= Holiday and Company =

American radio comedy series (1946)

Holiday and Company is an American radio comedy series that was broadcast on CBS beginning on February 1, 1946.

==Overview==
When Shirley Holiday inherited a gas station, she and her husband, Tim, left their nearly quarter-century vaudeville career in which they never quite attainend star status. They moved west with their daughter, Nora, and adopted a new lifestyle. Episodes centered around their adjustment to new work and small-town life.

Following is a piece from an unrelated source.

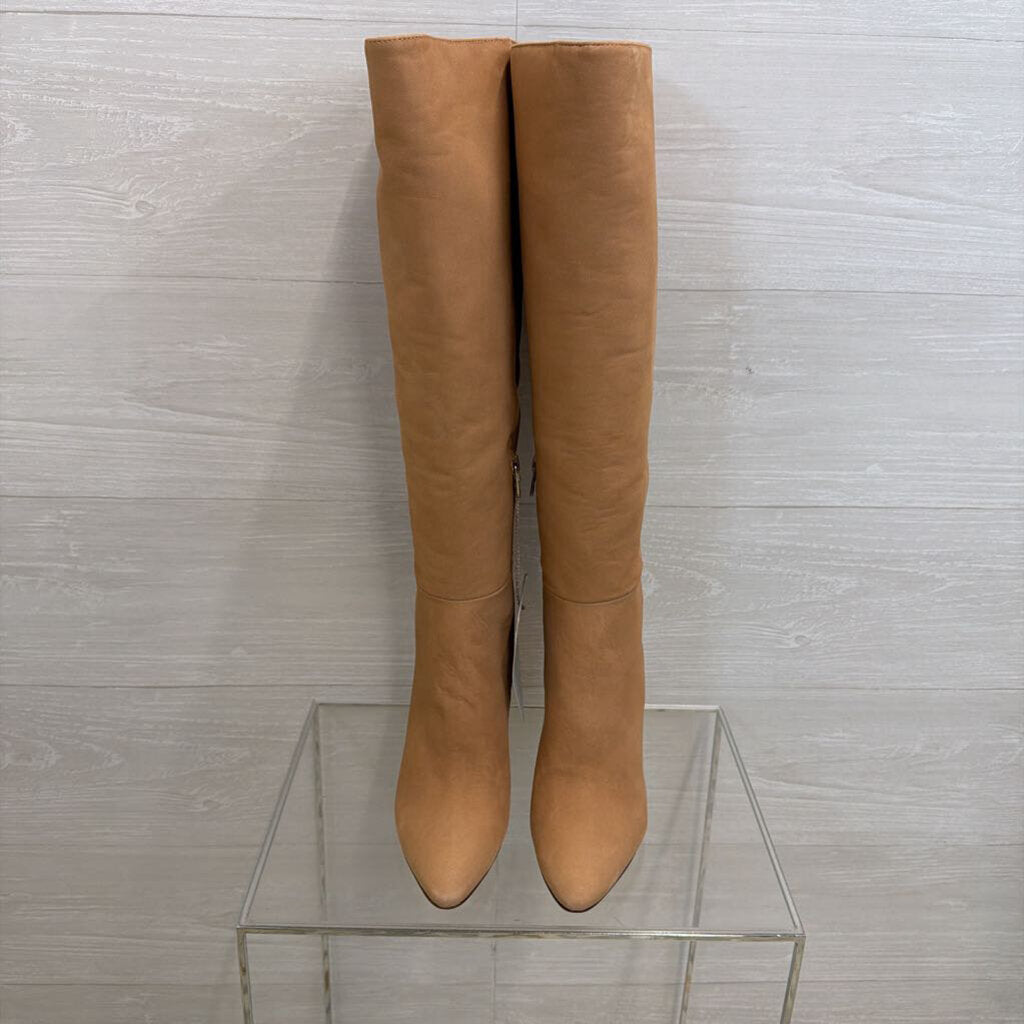Antonio Melani Brown Leather Stellah Point Toe Slouchy Knee High Boots 7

Real-life spouses and vaudevillians Ray Mayer and Edith Evans portrayed the Holidays, and Frances Heflin played Nora. Roland Winters and Jack Arthur were heard in supporting roles. Ray Bloch and his orchestra provided music. Fred Allen was a guest on the February 15, 1946, episode. Abe Burrows, who wrote the scripts and supervised direction and production, said, "The show needed a shot in the arm along about the third week, and Fred ... came on for me and gave a sock performance."

==Production==

Holiday and Company replaced It Pays to Be Ignorant on Fridays at 9 p.m. Eastern Time. It had an invited audience for its full dress rehearsals unlike most programs, which had only people involved with the program present for rehearsals. Because of Mayer's and Evans's vaudeville experience, they felt that they performed better when they sensed an audience's reactions to the performance.